In the latter half of the month there have been signs that the "Xi put" is operational, with some steps being taken to shore up Evergrande which nevertheless did miss debt payments in September.

The U.S. stock markets continued to drop in late September because of higher interest rates (the cause of the drop in late 2018), supply shortages, and inflation. The Chinese economic slowdown is part of the reason for pessimism, but at least for now a financial crisis is off the table.

Some investors have seized on these government signals as an opportunity to bargain-hunt Chinese bonds and stocks. Too soon and too rich for my blood.

Wednesday, September 29, 2021

Depression and Dementia

(Image from sharpbrains.com)
As if life wasn't difficult enough for teens and young adults with depression, UCSF researchers say that this condition is highly correlated with dementia. [bold added]
Depression in young adulthood might increase risk for cognitive impairment in old age, a new UCSF study has found.

The study — which used predictive models to determine depressive symptoms over a lifetime — found that the chances of cognitive impairment were 73% higher for those estimated to have elevated depressive symptoms in early adulthood, and 43% higher for those estimated to have elevated depressive symptoms in later life.
The conclusions find a receptive audience because they play into our belief that brain disorders are related. However,....

1) There are a great many years between youth and old age. Youthful disease is not destiny.

2) Depression is better understood today than in the past. Therapy and changes in attitudes and behavior (gratitude, social interaction, self care, hobbies, and "cognitive restructuring") can help, and for severe cases medications are available.

3) By social interaction we mean the in-person kind, not social media, which can be mentally toxic to teenagers.
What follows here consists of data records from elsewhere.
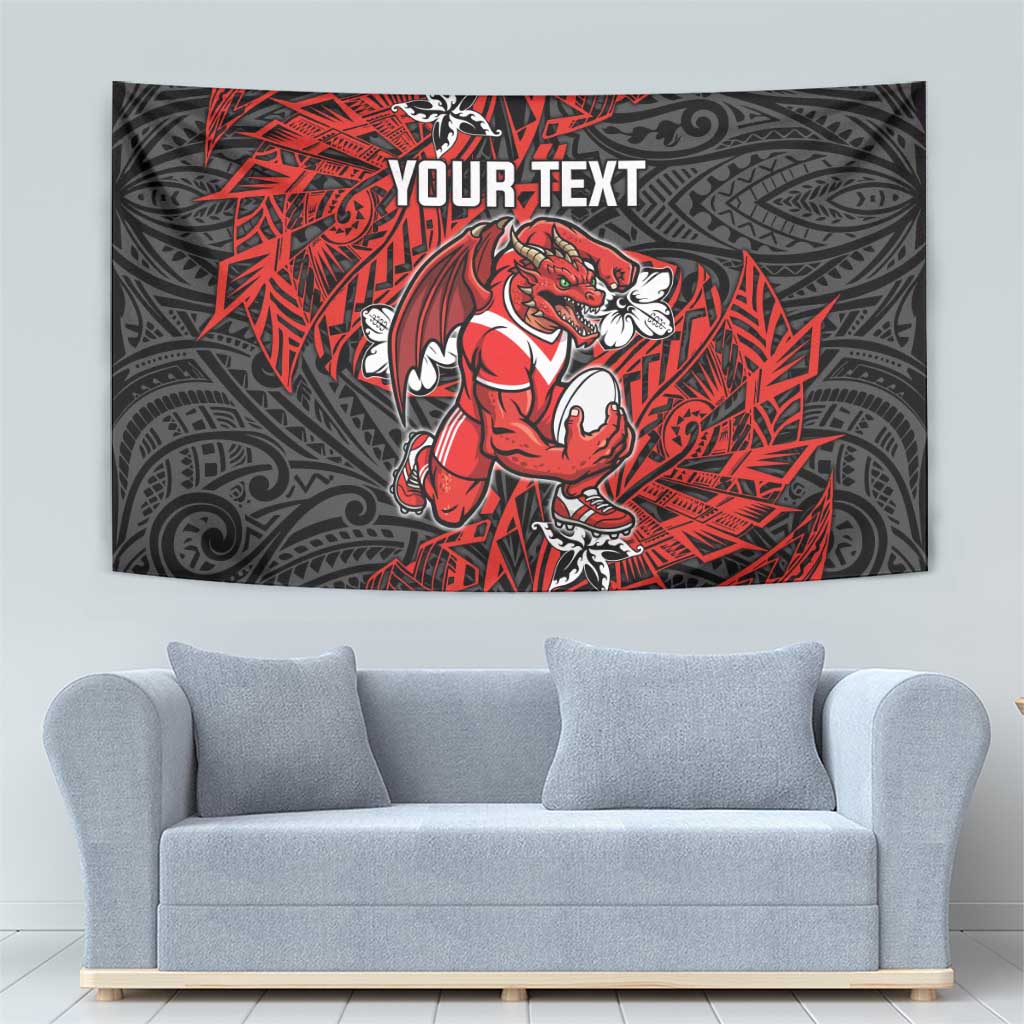 Personalised St. George Illawarra Dragons Tapestry Polynesian Tribal Pattern With Rugby Dragon Mascot Art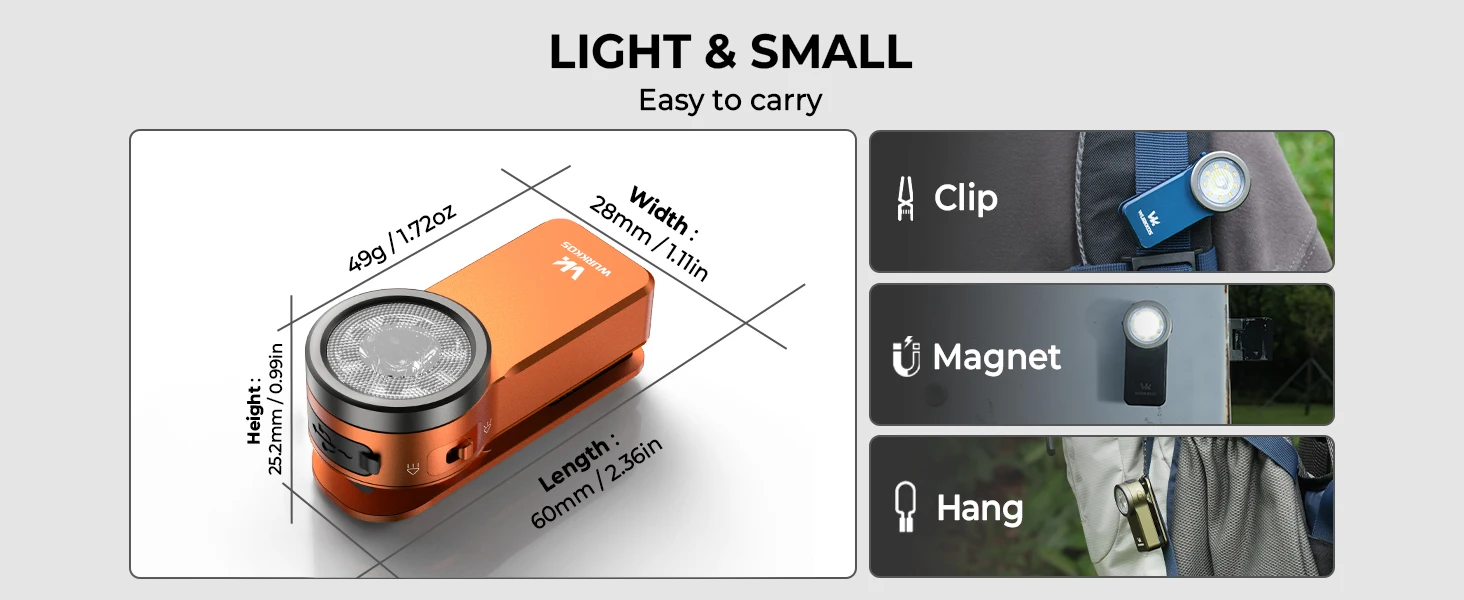 Lampara Wurkkos HD03 680LM Mini Clip USB Recargable RGB Con Imán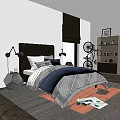 Double Bed with Dark Headboard Blue Gray Bedding Nightstand Lamp Bookshelf and Gray Rug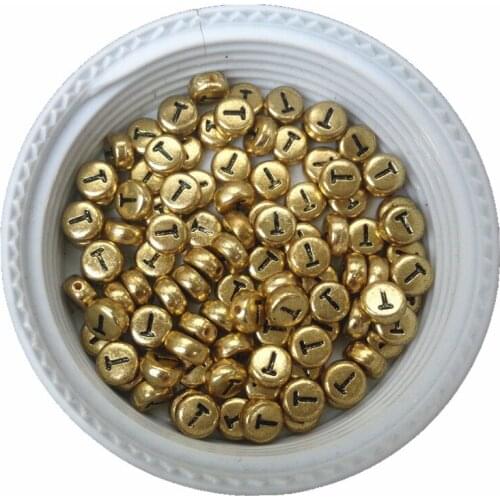 Free Shipping 500pcs 3600pcs 4*7MM Flat Coin Round Shape Gold Color Acrylic Letter Beads English Character T Alphabet Beads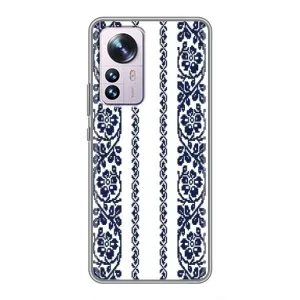 Силиконовый Чехол на Xiaomi 12 / 12X с картинкой Вышиванки (Синяя вышиванка)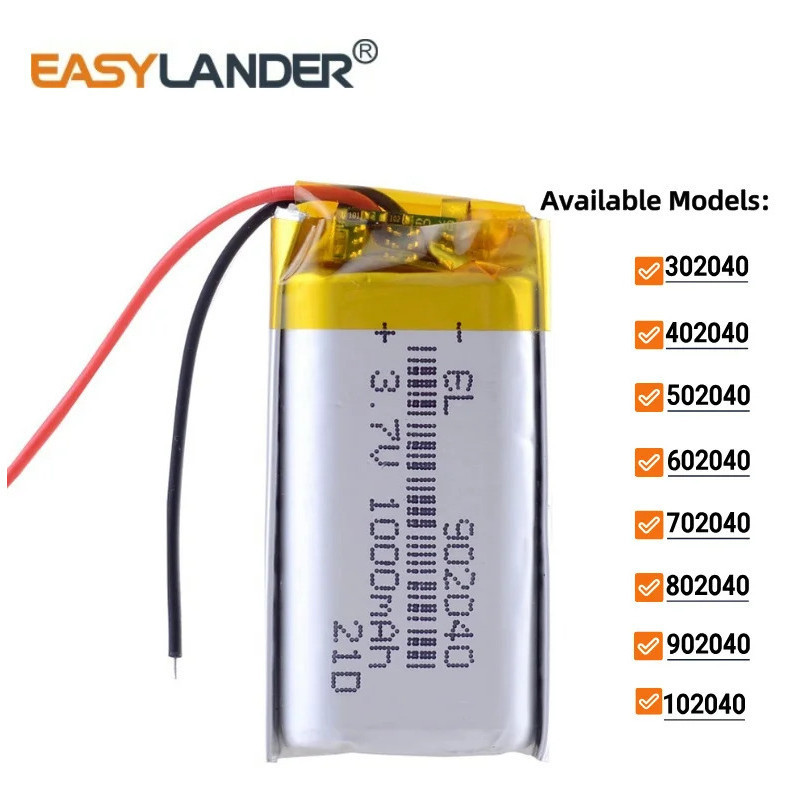 902040 3.7V 1000mAh 302040 402040 502040 602040 702040 802040 102040 แบตเตอรี่ลิเธียมโพลิเมอร์แบบชาร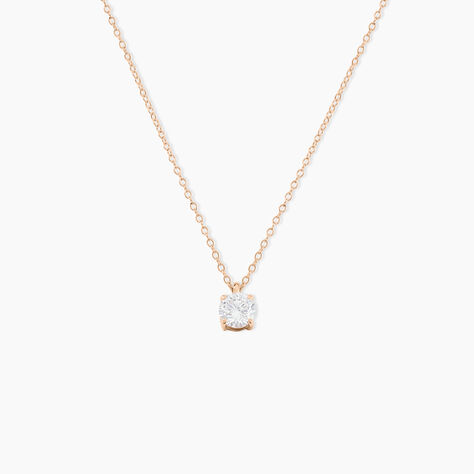 Collier Solitaire Argent Rose Lylwenn Oxyde De Zirconium - Colliers fantaisie Femme | Histoire d&rsquo;Or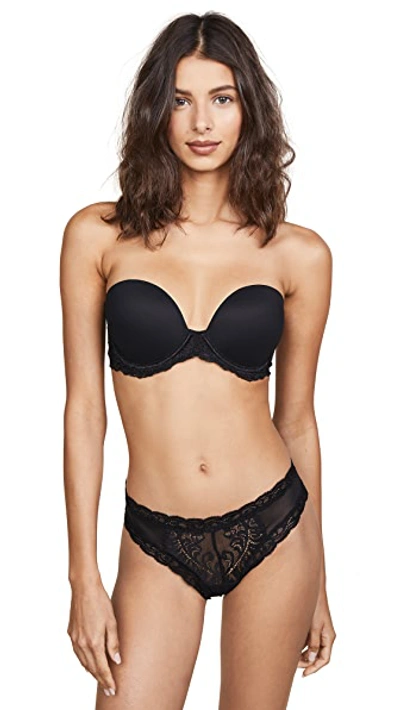 Natori Feathers Strapless Plunge Multi Way Bra Black 36dd In Black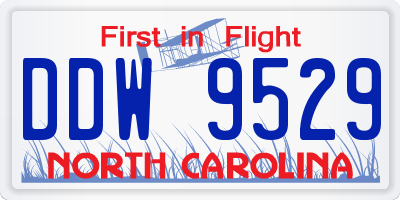 NC license plate DDW9529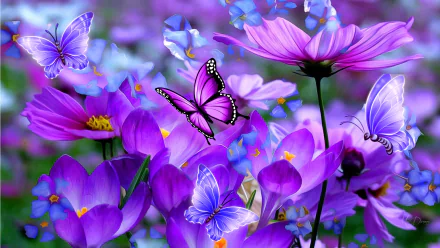 Artistic HD wallpaper featuring vibrant purple cosmos flowers and delicate butterflies.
4) The UCSF study is based on "predictive models" that have not been verified by observation:
The study pulled data from 15,000 people in different age cohorts, ranging from 20-89 — divided into older, midlife and young adulthood — and used predictive methods to estimate the average trajectory of depressive symptoms. That trajectory is used to make a “best guess” of how older adults with dementia might have been in early adulthood.

While this methodology isn’t as good as studying someone over a lifetime,[ Dr. Willa] Brenowitz said, it’s the best researchers have now — and should spotlight the need to start observation for dementia risk factors earlier in life.
Predictive models are works-in-progress, as we have seen from much more elaborate climate, epidemiological, and econometric models that have made predictions that proved to be wildly inaccurate.
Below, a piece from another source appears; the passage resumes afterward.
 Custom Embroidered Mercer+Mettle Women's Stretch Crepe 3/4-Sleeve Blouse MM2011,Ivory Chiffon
It's useful that the connection between depression and dementia is being explored. It's also true that the models can be wrong, and even, if true, there is time to take the steps that can break the connection.

Tuesday, September 28, 2021

Turn Off, (Don't) Tune In, Drop Out, and Live Longer

For the past five years I've achieved a measure of peace by not tuning in to television news, which--only a slight exaggeration--pushes outrage 24/7. (I also include late night comedy, which has substituted putdowns of half the country for lighthearted laughs about the human condition.)

Internet news is toxic in a different way. Researchers have established that popular sites like Tik Tok and Facebook quickly figure out the subjects and opinions that individual users like to read about and feed them more of the same. Anger is often the by-product.

Within our cocoons it's easy to become outraged at the injustices done to "our" side by the ignorant and evil people on the other.

Do yourself a favor. Use the off switch and add years to your life.

Monday, September 27, 2021

Can You Handle the Uncertainty?

Accountants make a "maybe" complicated
When a person asks if I would like to attend an event, or donate money or time, or make any other kind of commitment, maybe does no one any favors in lieu of a yes or no. My interlocutor will make a note of the answer and come back to me at a future point; all I'm usually doing is putting off a "no" answer so as not to hurt the person's feelings. It does sometimes happen that more facts need to come in (e.g.,"my boss might need me to go out of town") before I can commit, but that's rarely the case.

However, a "maybe" can increase the likelihood of a "yes", and that's when it's offered by the requestor. [bold added]
You might consider asking people for a “maybe favor.” A maybe favor is a request for a commitment that might not actually have to be carried out. In your case, you could call for volunteers while making clear the possibility that the clean-up will be cancelled in the event of rain.

Recent research suggests that adding a “maybe” to a request for a favor increases people’s willingness to help. When subjects were asked if they would be willing to donate their earnings from participating in the study, 53% agreed. A different group was asked the same question but told that 5% of those who agreed would have their donations randomly cancelled. Under this condition, 66% chose to donate, which increased the total value of the donations even after eliminating the 5%.

One possible explanation for the increased willingness to donate is that we value the “warm glow” we get from agreeing to help. If we think that there is some probability that we will not be asked to do the favor, the warm glow remains, while the cost of doing the good deed is potentially mitigated.
Asking for volunteers is difficult, but through personal experience I've found that there's less resistance if a person is asked to be a backup. ("I've got the five we need but just in case one doesn't show, can you substitute?")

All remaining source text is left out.